EXERCISE DIRECTIONS -> What is needed is an exact copy of the whole listing below, with no pictures.
====================
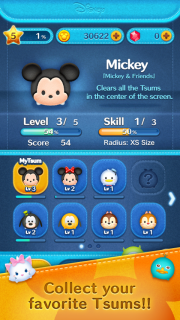 LINE: Disney Tsum Tsum Resimleri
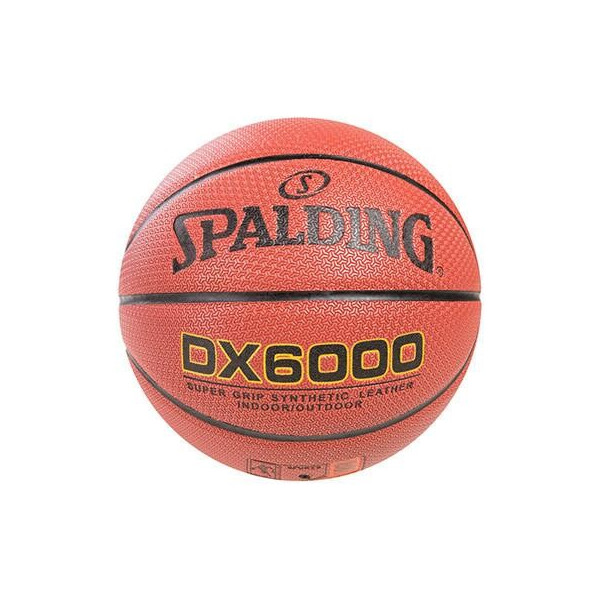 

Мяч баскетбольный Spalding №7 DX 6000-PU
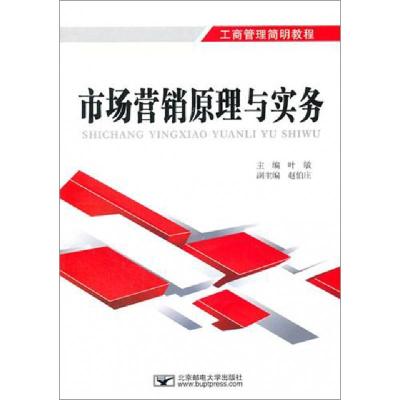 正版新书]市场营销原理与实务(工商管理简明教程)叶敏9787563526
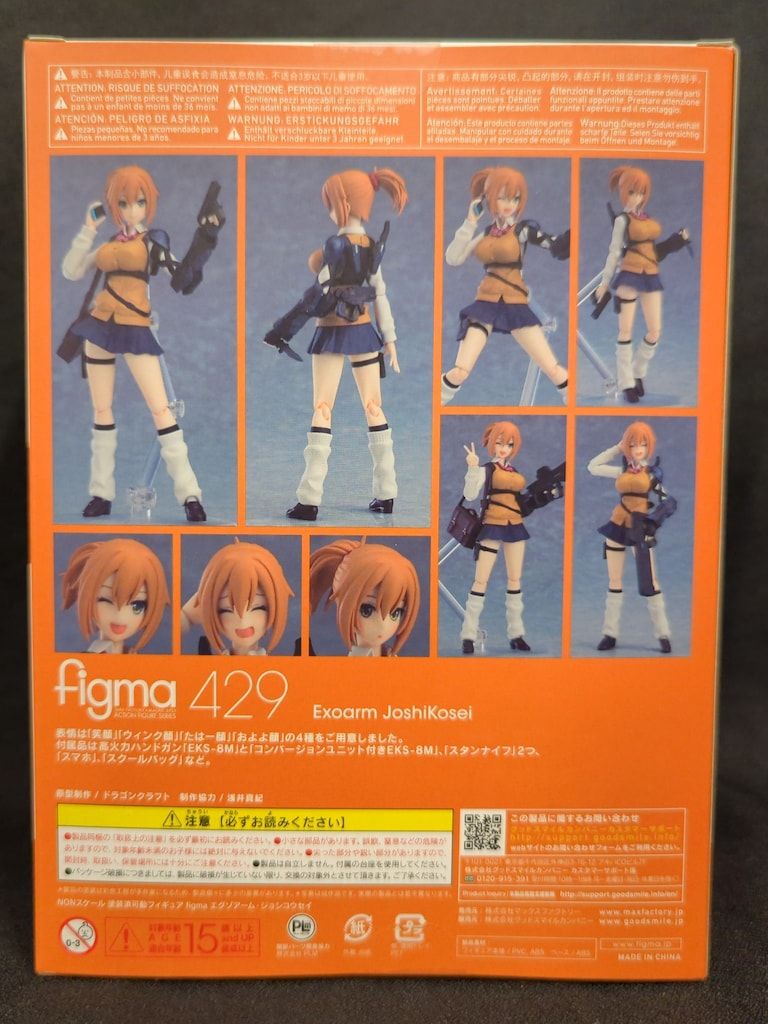 MAXFACTORY figma ARMS NOTE エグゾアーム・ジョシコウセイ 429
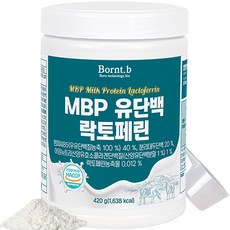 Bornt.b MBP乳鐵蛋白粉, 1瓶, 420克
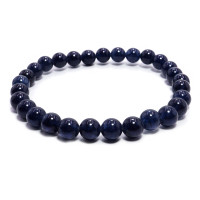 Браслет каменный  Клубничный кварц -  способен разбудить остывшую любовь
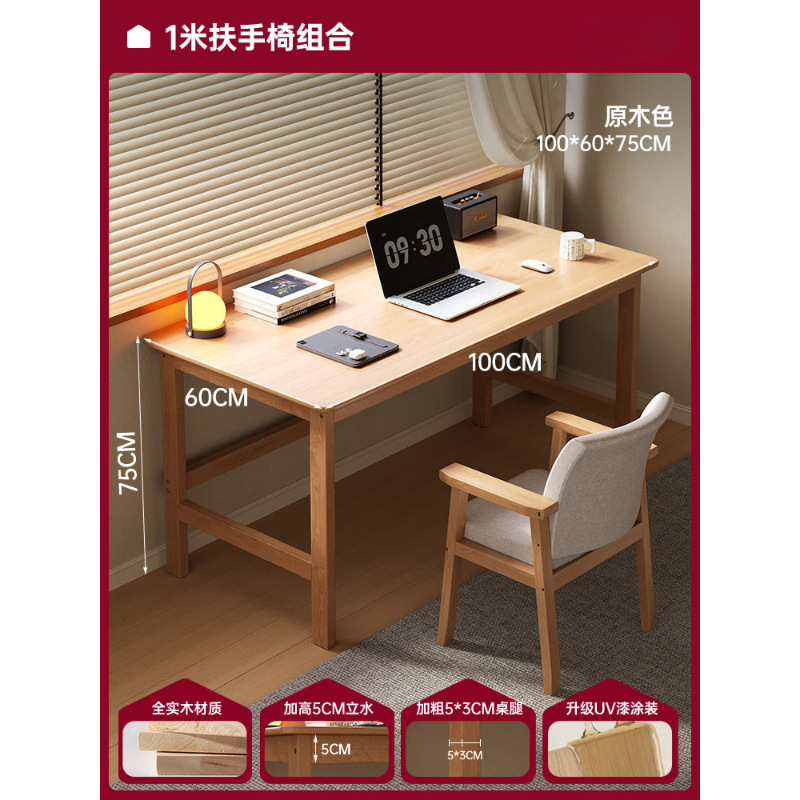 안락의자 세트 | 원목 색상 100*60cm [FAS 등급 수입 원목, 택배 배송]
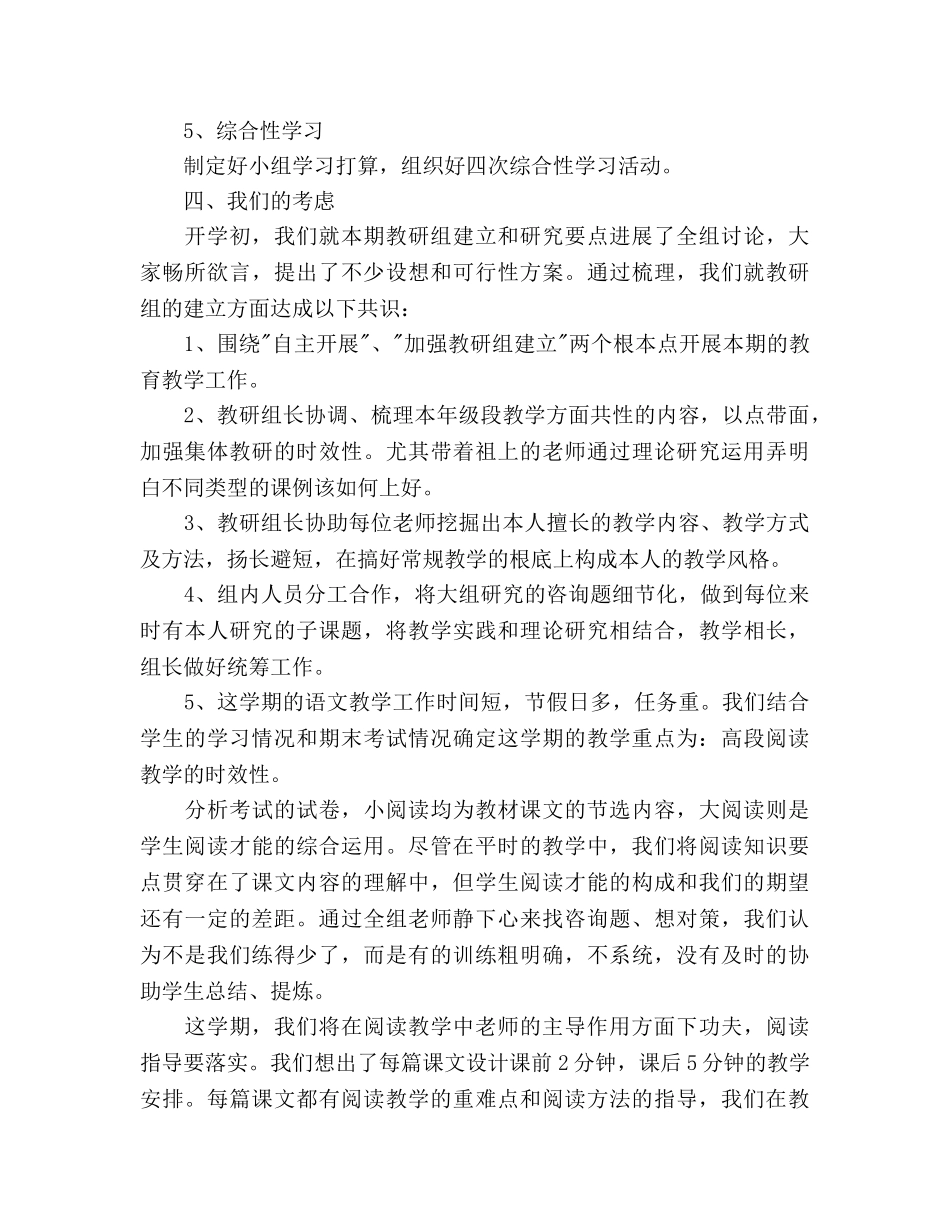 五年级上期语文教研组工作参考计划范文 _第3页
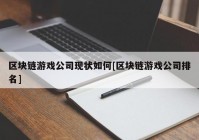 区块链游戏公司现状如何[区块链游戏公司排名]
====================
ANSWER BELOW ->
 LINE: Disney Tsum Tsum Resimleri

Мяч баскетбольный Spalding №7 DX 6000-PU
 正版新书]市场营销原理与实务(工商管理简明教程)叶敏9787563526
 MAXFACTORY figma ARMS NOTE エグゾアーム・ジョシコウセイ 429
 Bornt.b MBP乳鐵蛋白粉, 1瓶, 420克
 Браслет каменный  Клубничный кварц -  способен разбудить остывшую любовь
 안락의자 세트 | 원목 색상 100*60cm [FAS 등급 수입 원목, 택배 배송]
 五年级上期语文教研组工作参考计划范文 _第3页
 区块链游戏公司现状如何[区块链游戏公司排名]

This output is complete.